Jawad elaborates on that, stating, “The faculty and mentorship here is just phenomenal. I’ve studied at other universities at study abroad or summer term, and I’ve met great people at all these places. But here, there are people that you don’t even know that are so determined to invest in you. Everything that I am right now is because there’s a person who told me you need to apply for this, or you need to run for this. Recognizing the kind of mentorship that comes with the faculty and professorship here is just so rewarding.”
But when it comes to her challenging role as Vice President, Jawad firmly believes that she is gaining from it as much as anyone else: “We give forty, fifty, however many hours a week to people on this campus or in the community, but I think every single thing is mutualistic. Every single hard experience teaches you how to act in another situation like that.”
This spring, not only will Sarkar and Jaward step down from their roles as President and Vice President, but they will graduate from this university. They will certainly not graduate as the same people that they were in 2014, when they were freshman.
The biggest lesson Jawad learned?
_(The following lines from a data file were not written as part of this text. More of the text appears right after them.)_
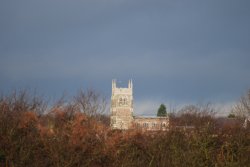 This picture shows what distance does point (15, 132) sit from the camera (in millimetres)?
15500

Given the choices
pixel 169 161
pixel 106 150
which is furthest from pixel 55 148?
pixel 169 161

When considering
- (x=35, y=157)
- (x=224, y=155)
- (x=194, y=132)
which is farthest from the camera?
(x=194, y=132)

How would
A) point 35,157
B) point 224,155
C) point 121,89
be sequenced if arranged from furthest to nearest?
1. point 121,89
2. point 224,155
3. point 35,157

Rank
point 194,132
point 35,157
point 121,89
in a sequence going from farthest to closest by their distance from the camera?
1. point 121,89
2. point 194,132
3. point 35,157

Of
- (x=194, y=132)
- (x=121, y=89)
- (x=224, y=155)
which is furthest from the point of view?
(x=121, y=89)

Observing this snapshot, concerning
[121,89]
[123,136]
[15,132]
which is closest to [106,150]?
[123,136]

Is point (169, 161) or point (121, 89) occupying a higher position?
point (121, 89)

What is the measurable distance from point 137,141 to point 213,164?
3467 millimetres

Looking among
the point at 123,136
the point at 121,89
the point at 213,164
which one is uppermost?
the point at 121,89

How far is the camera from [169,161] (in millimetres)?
15805

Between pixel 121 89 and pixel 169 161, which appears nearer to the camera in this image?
pixel 169 161

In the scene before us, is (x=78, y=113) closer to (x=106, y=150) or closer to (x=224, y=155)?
(x=106, y=150)

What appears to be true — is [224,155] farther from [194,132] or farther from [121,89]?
→ [121,89]

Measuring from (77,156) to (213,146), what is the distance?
19.7 ft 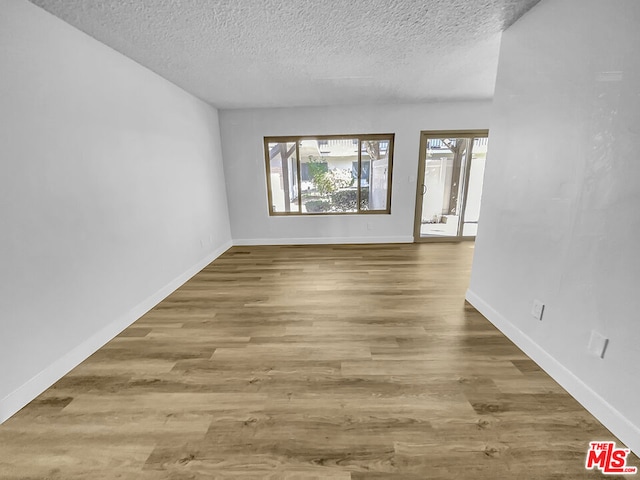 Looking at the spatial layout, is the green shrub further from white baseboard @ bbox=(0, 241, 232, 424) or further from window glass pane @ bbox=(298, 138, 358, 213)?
white baseboard @ bbox=(0, 241, 232, 424)

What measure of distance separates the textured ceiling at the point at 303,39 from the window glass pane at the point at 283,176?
4.65ft

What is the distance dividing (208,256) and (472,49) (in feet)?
13.5

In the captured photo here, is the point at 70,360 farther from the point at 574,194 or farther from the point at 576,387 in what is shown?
the point at 574,194

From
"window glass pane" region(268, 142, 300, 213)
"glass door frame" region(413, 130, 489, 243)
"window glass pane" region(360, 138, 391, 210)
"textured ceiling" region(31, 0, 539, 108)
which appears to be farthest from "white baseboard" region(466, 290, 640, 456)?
"window glass pane" region(268, 142, 300, 213)

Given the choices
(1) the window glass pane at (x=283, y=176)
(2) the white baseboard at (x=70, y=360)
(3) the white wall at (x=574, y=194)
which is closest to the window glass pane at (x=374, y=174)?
(1) the window glass pane at (x=283, y=176)

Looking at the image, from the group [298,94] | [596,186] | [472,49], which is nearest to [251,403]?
[596,186]

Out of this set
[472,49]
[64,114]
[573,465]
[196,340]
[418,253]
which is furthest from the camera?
[418,253]

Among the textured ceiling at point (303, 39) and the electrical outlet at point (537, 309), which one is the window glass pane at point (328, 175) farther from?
the electrical outlet at point (537, 309)

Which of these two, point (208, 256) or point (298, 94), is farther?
point (208, 256)

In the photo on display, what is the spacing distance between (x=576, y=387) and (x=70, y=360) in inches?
131

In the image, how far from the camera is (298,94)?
362 cm

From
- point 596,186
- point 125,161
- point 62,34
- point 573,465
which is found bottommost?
point 573,465

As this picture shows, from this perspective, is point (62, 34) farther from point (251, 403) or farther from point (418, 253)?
point (418, 253)

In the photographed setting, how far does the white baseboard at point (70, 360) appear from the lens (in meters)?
1.47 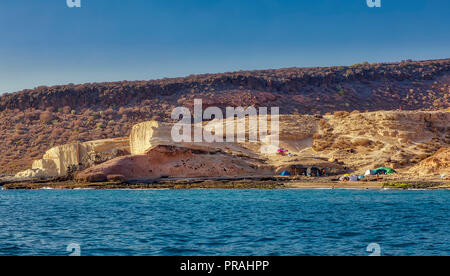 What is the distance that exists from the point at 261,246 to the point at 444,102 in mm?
97575

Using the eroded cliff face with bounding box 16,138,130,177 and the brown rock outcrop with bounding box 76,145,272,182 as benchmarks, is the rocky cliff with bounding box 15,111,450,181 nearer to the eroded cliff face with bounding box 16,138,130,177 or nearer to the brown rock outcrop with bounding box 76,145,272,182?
the brown rock outcrop with bounding box 76,145,272,182

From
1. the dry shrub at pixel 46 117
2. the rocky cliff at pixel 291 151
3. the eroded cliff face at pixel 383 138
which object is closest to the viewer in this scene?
the rocky cliff at pixel 291 151

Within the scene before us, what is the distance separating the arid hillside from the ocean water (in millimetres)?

Speak, even if your voice cracks.
“I remember someone texting me during one of the meetings, and she said, ‘Even though your voice cracked, it’s good that you spoke about something,’” she shares. “How many times do I speak in front of the assembly, and I get so nervous because I’ve got to say the right thing? But the ability to stand in front of the room and say something is already such a humbling thing and such an amazing thing.”
As for Sarkar, after this year, she feels as though she’s unstoppable.
Sarkar says, “I feel like I’ve toughened up so much that almost nothing could break me at this point. There were so many moments in this past year where I just felt like I was gonna break down. I was being beaten down by the pressures of this position. I’m leaving this school year feeling like absolutely nothing will ever scare me again, because if I can handle this, I can handle anything. And that’s the most empowering feeling. So people are like, are you scared, have you figured out any jobs, or where are you moving? And I’m like honestly, I’ll be fine. I’ll figure it out.”
It has been an incredible year looking down at campus from the top of the bell tower, but Sarkar and Jawad are ready to climb down and take the world by storm from solid ground.